● **Work to be completed**: Would you repeat each line below exactly, without the pictures?

Stored data entries
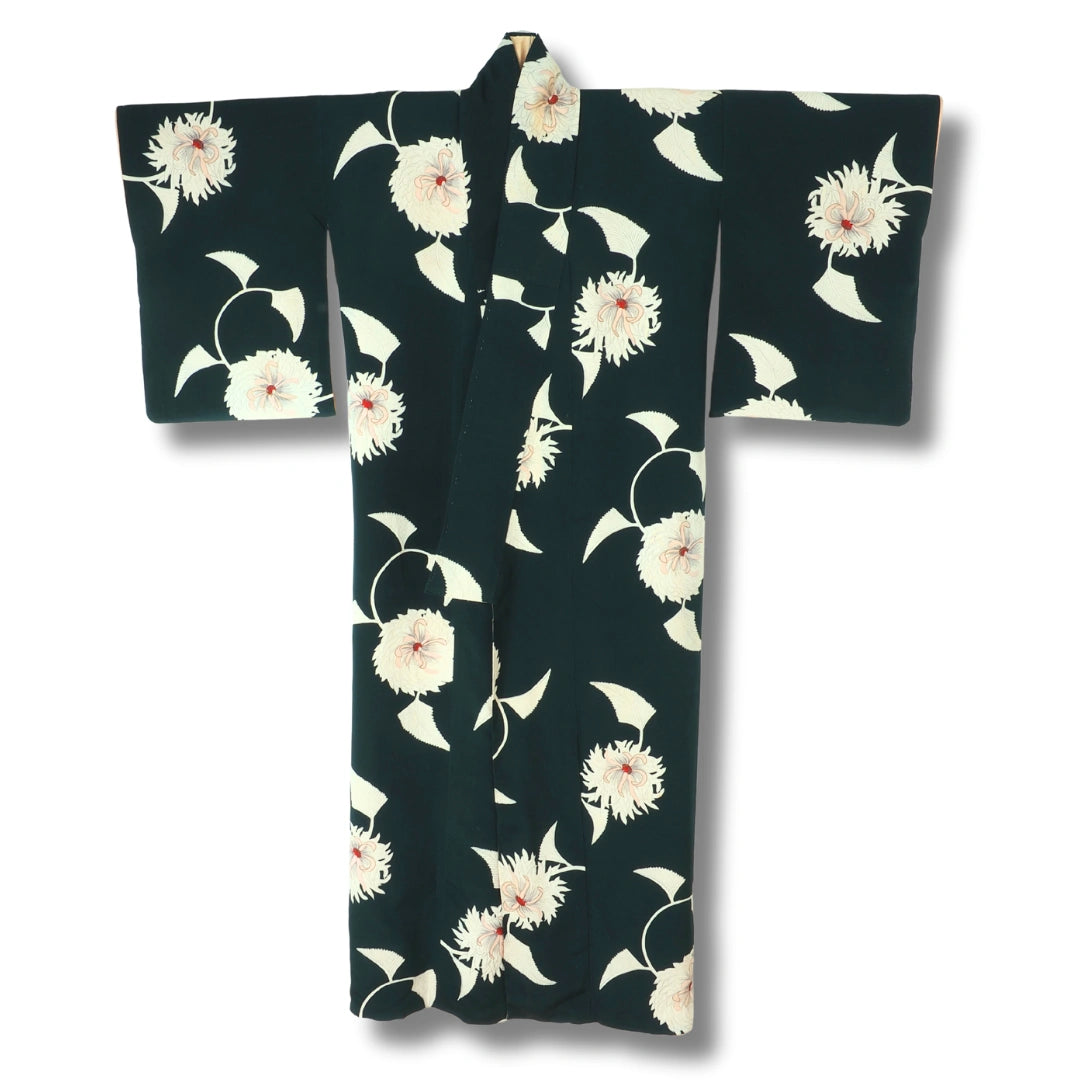 Vintage Damen Komon Kimono in Dunkelgrün mit weißen Blumen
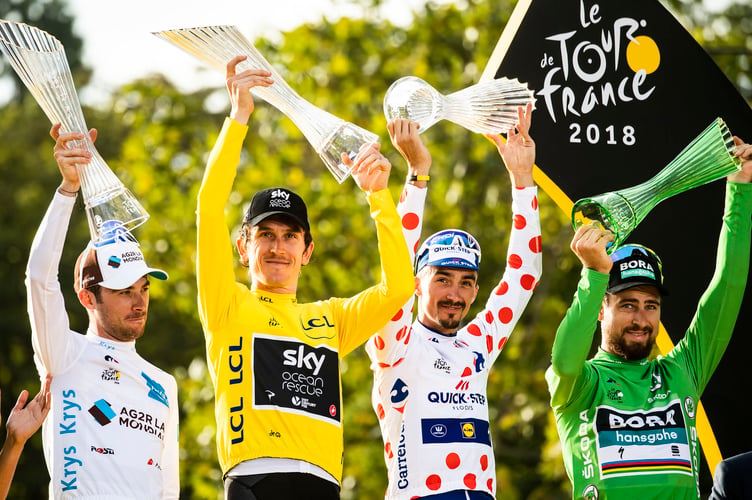 Welshman Geraint Thomas won cycling’s greatest prize – the Tour De France – in 2018. Photos: Team Sky/Ineos.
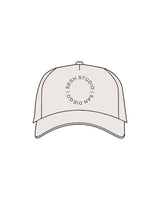 The Foam Trucker Hat - Bone - Sesh Studio - Center Crown Round - Printed - Charcoal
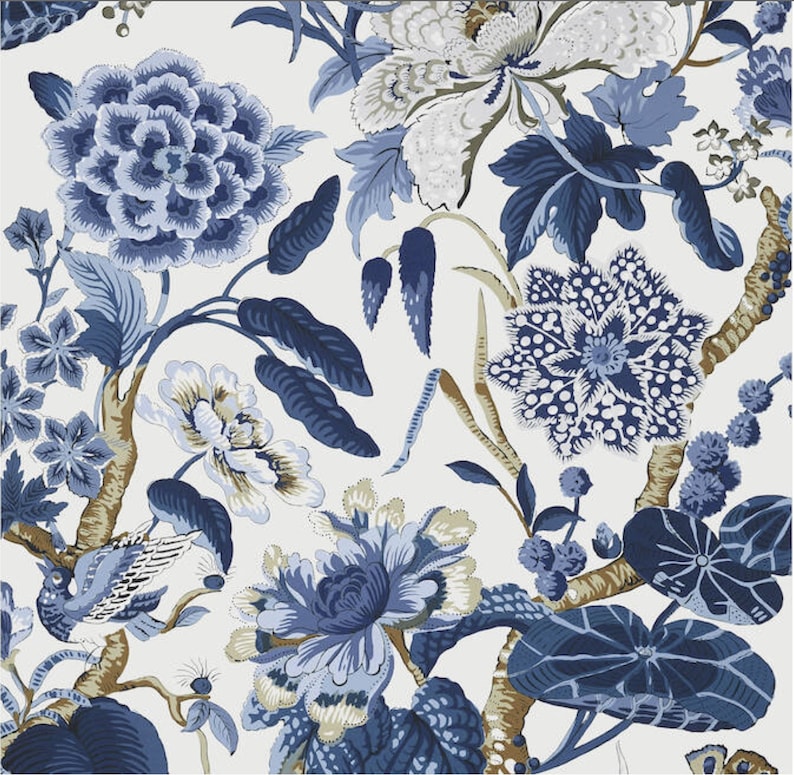 May include: A white background with a blue and white floral pattern. The flowers are large and intricate, with a variety of shapes and sizes. The leaves are also blue and white, and they are arranged in a flowing, organic pattern.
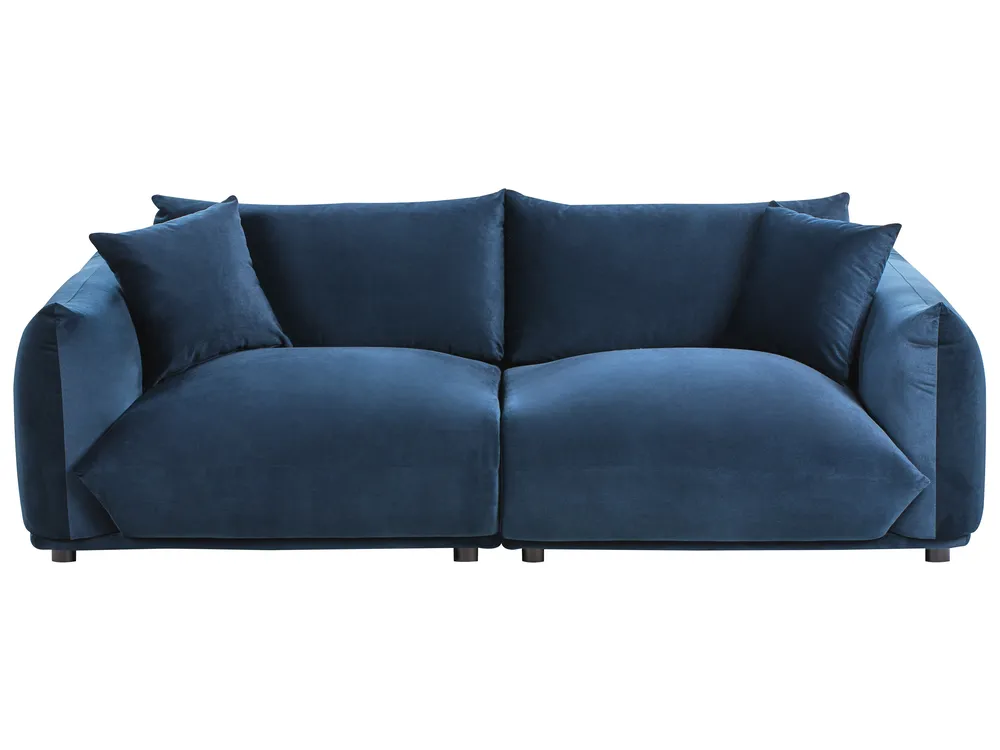 Bank 3-zits LUVOS Fluweel Donkerblauw_970578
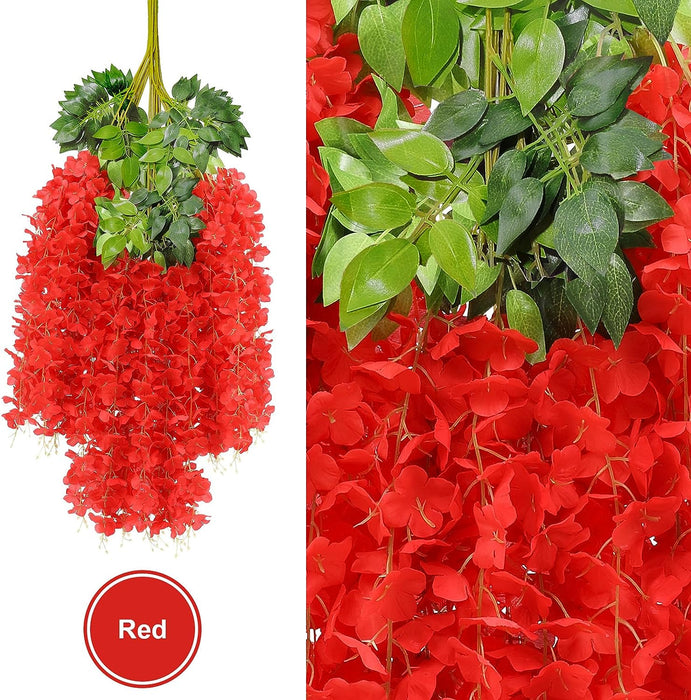 SATYAM KRAFT 12 pcs Wisteria Artificial Flower for Home Decoration and Craft(Pack of 12, Red)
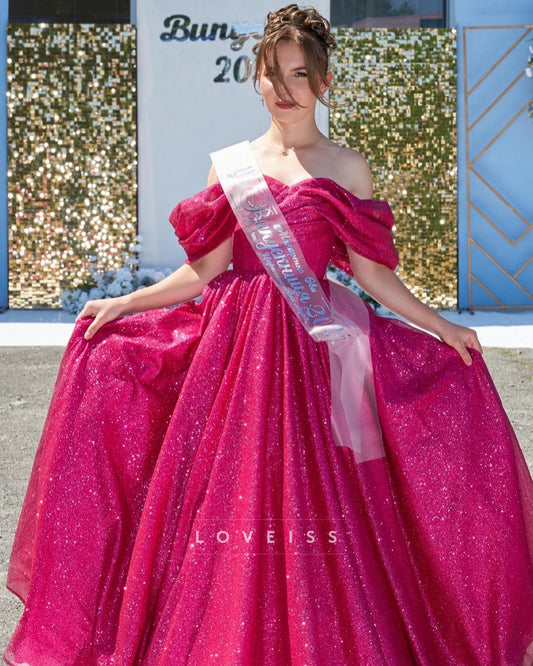 Off-Shoulder Cap Sleeves Sparkly A-Line Prom Dress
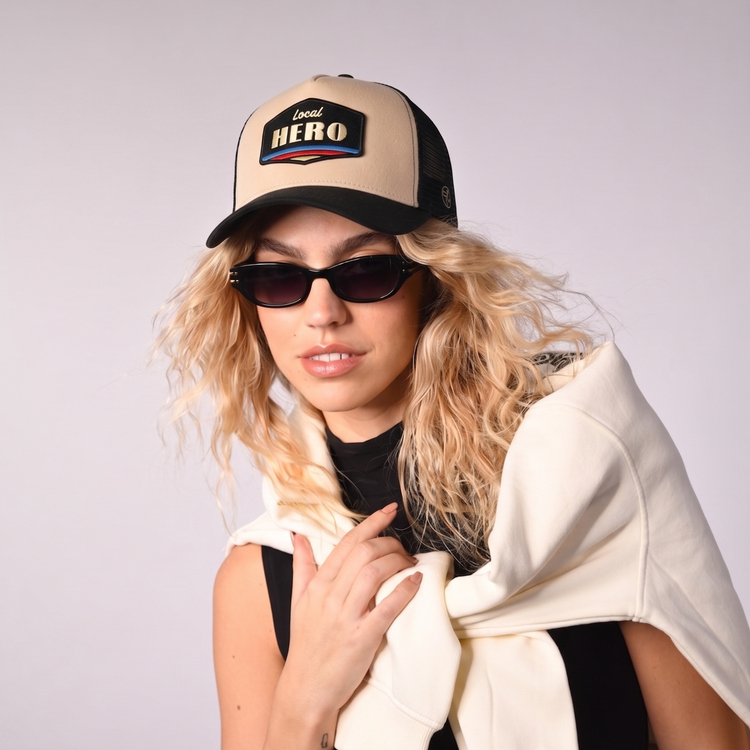 Local Hero Trucker Cap by Sand and Camels - model wearing the cap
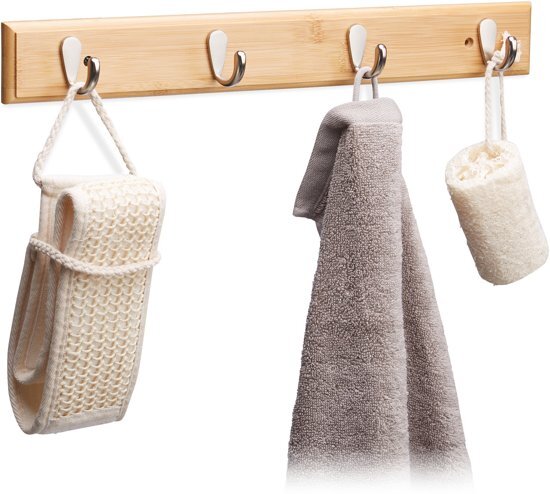 Relaxdays ophanghaken bamboe - haakjes voor handdoeken - wandhaken garderobe - badkamer M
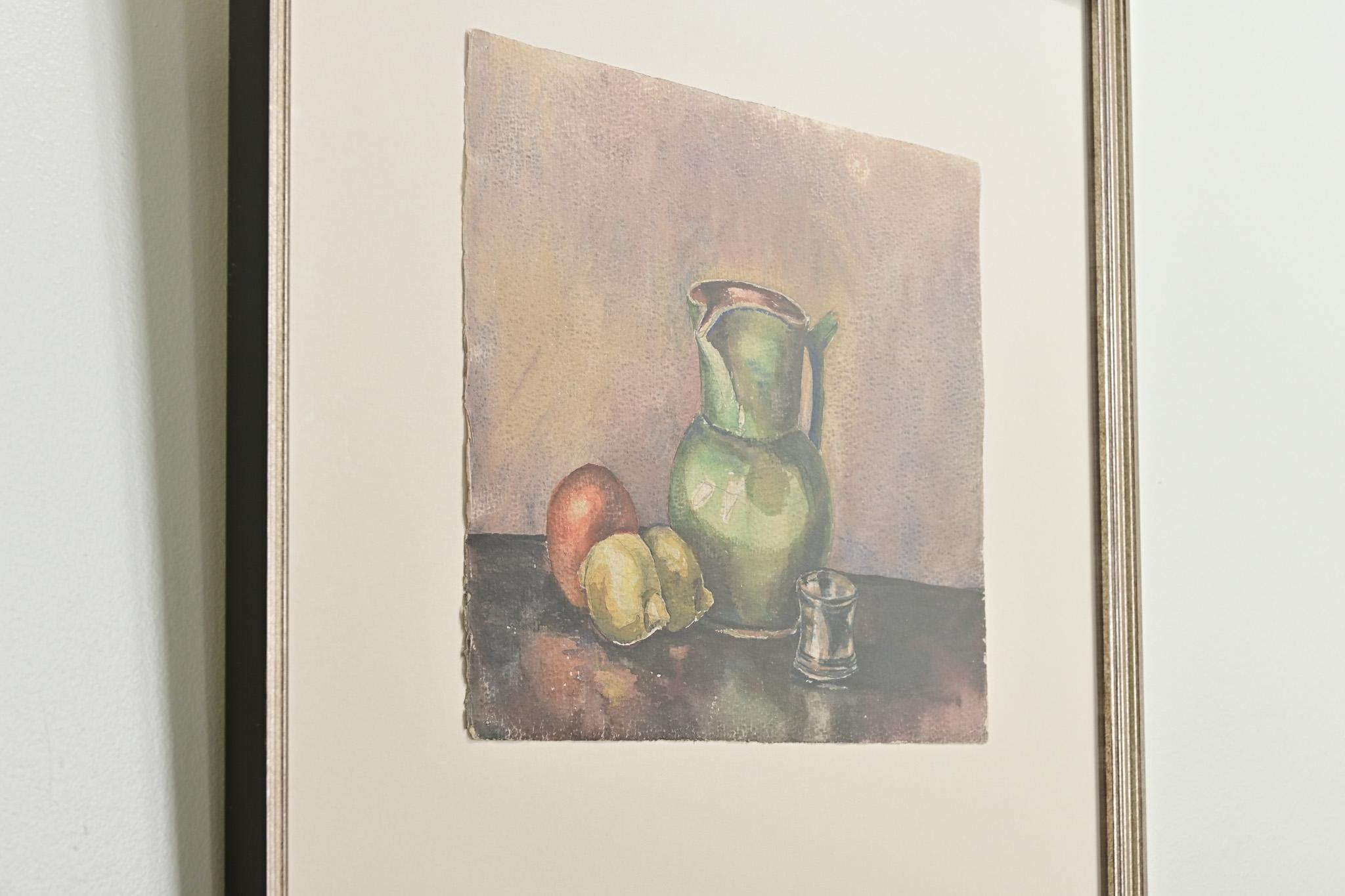 Contemporary Watercolor Still Life, Framed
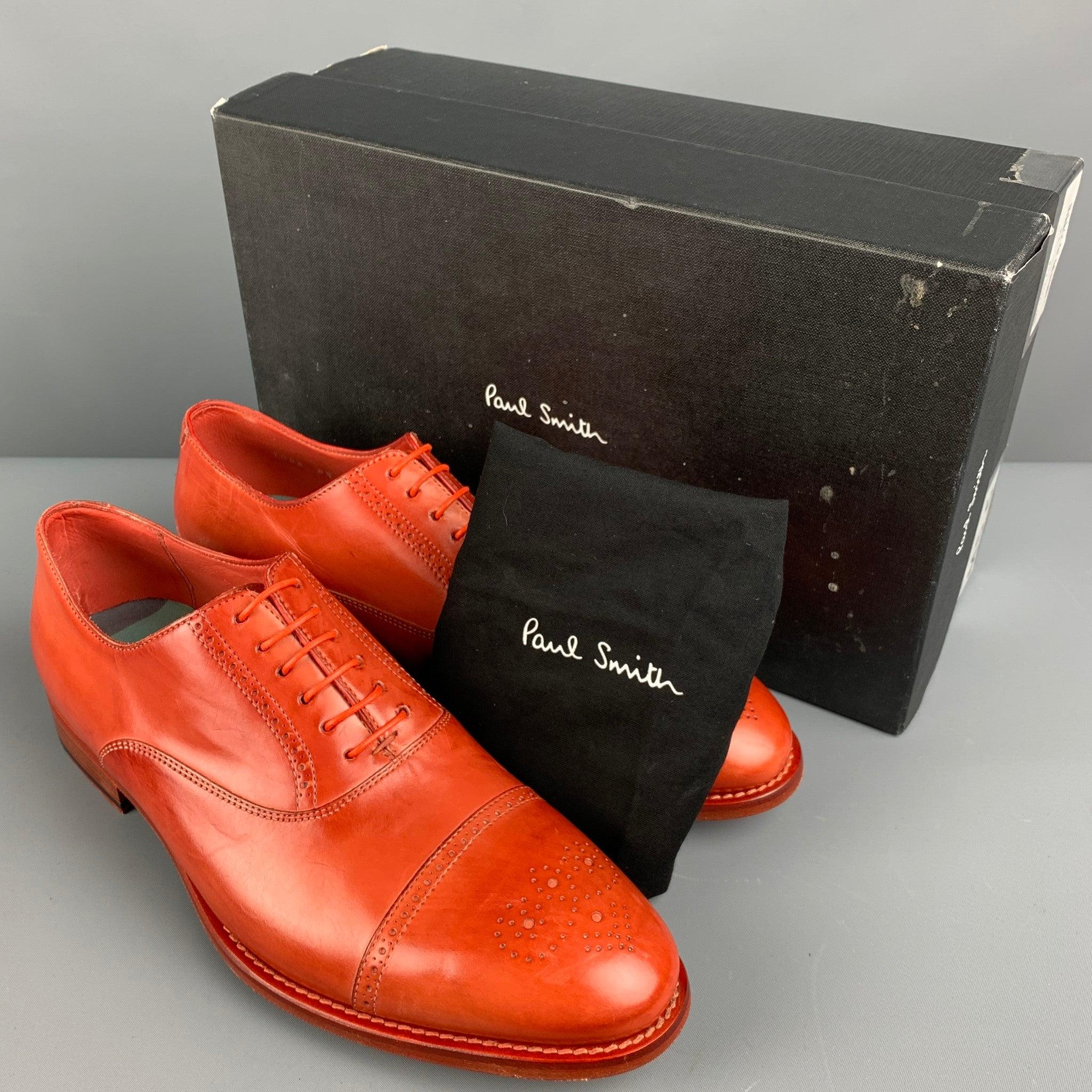 PAUL SMITH Size 8.5 Orange Perforated Leather Cap Toe Lace Up Shoes For Sale 5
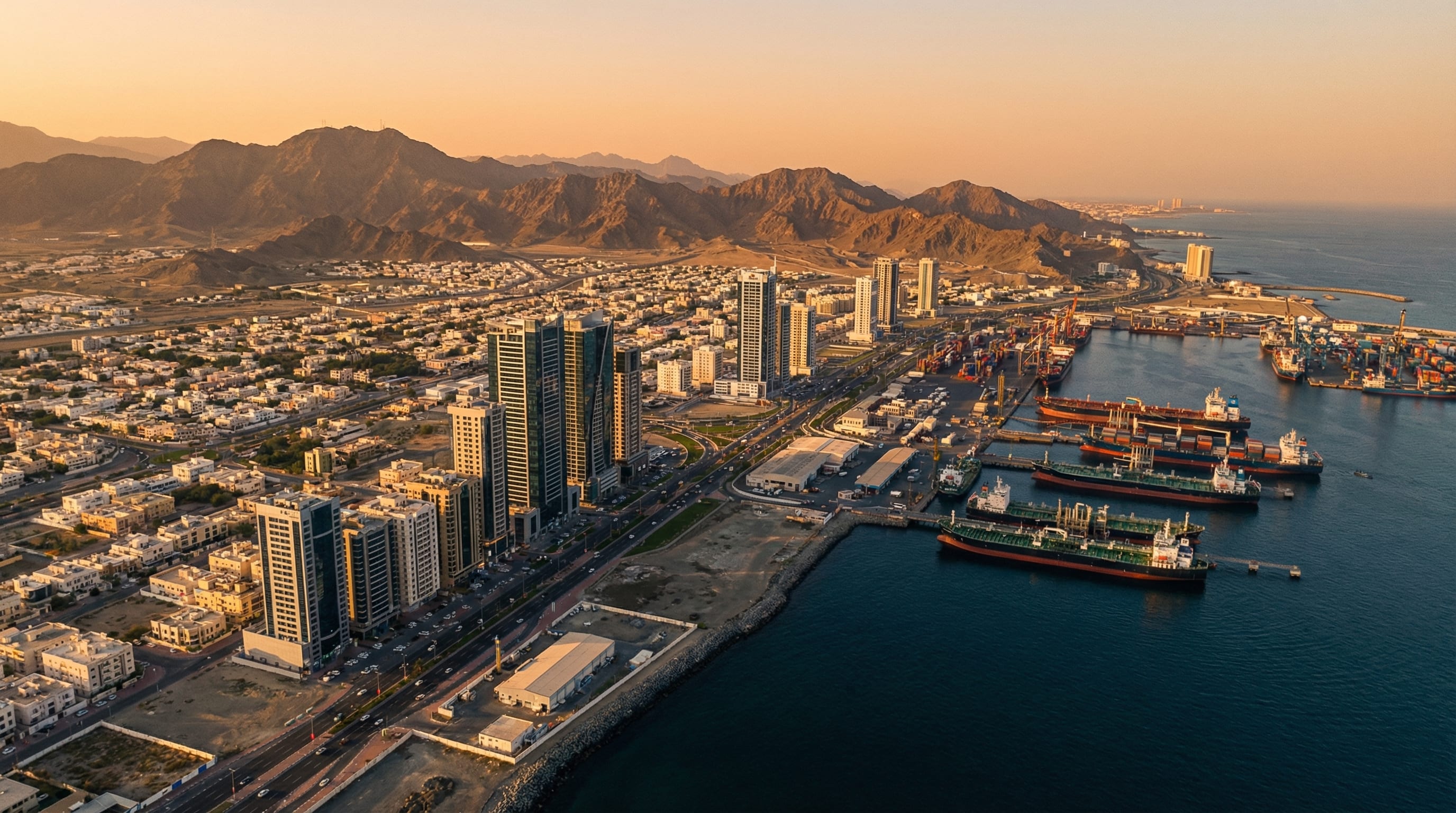 Aerial view of Fujairah city with port and Hajar Mountains in the background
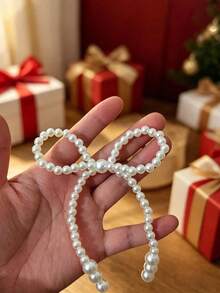 1/5/10pcs White Pearl Bow Christmas Decorations, Suitable For Christmas Tree, Wreath, Fireplace Decor, Party Decoration (White) - Multicolor - View 5
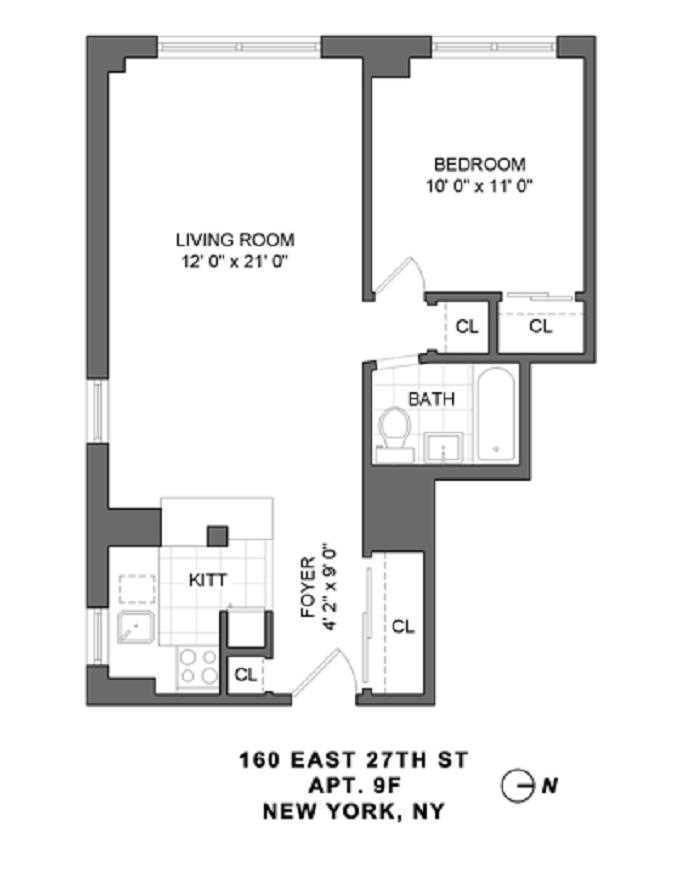 Floorplan for 160 East 27th Street, 12-F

● **Problem solution**:
 Vintage Damen Komon Kimono in Dunkelgrün mit weißen Blumen
 Welshman Geraint Thomas won cycling’s greatest prize – the Tour De France – in 2018. Photos: Team Sky/Ineos.
 The Foam Trucker Hat - Bone - Sesh Studio - Center Crown Round - Printed - Charcoal
 May include: A white background with a blue and white floral pattern. The flowers are large and intricate, with a variety of shapes and sizes. The leaves are also blue and white, and they are arranged in a flowing, organic pattern.
 Bank 3-zits LUVOS Fluweel Donkerblauw_970578
 SATYAM KRAFT 12 pcs Wisteria Artificial Flower for Home Decoration and Craft(Pack of 12, Red)
 Off-Shoulder Cap Sleeves Sparkly A-Line Prom Dress
 Local Hero Trucker Cap by Sand and Camels - model wearing the cap
 Relaxdays ophanghaken bamboe - haakjes voor handdoeken - wandhaken garderobe - badkamer M
 Contemporary Watercolor Still Life, Framed
 PAUL SMITH Size 8.5 Orange Perforated Leather Cap Toe Lace Up Shoes For Sale 5
 Aerial view of Fujairah city with port and Hajar Mountains in the background
 1/5/10pcs White Pearl Bow Christmas Decorations, Suitable For Christmas Tree, Wreath, Fireplace Decor, Party Decoration (White) - Multicolor - View 5
 Floorplan for 160 East 27th Street, 12-F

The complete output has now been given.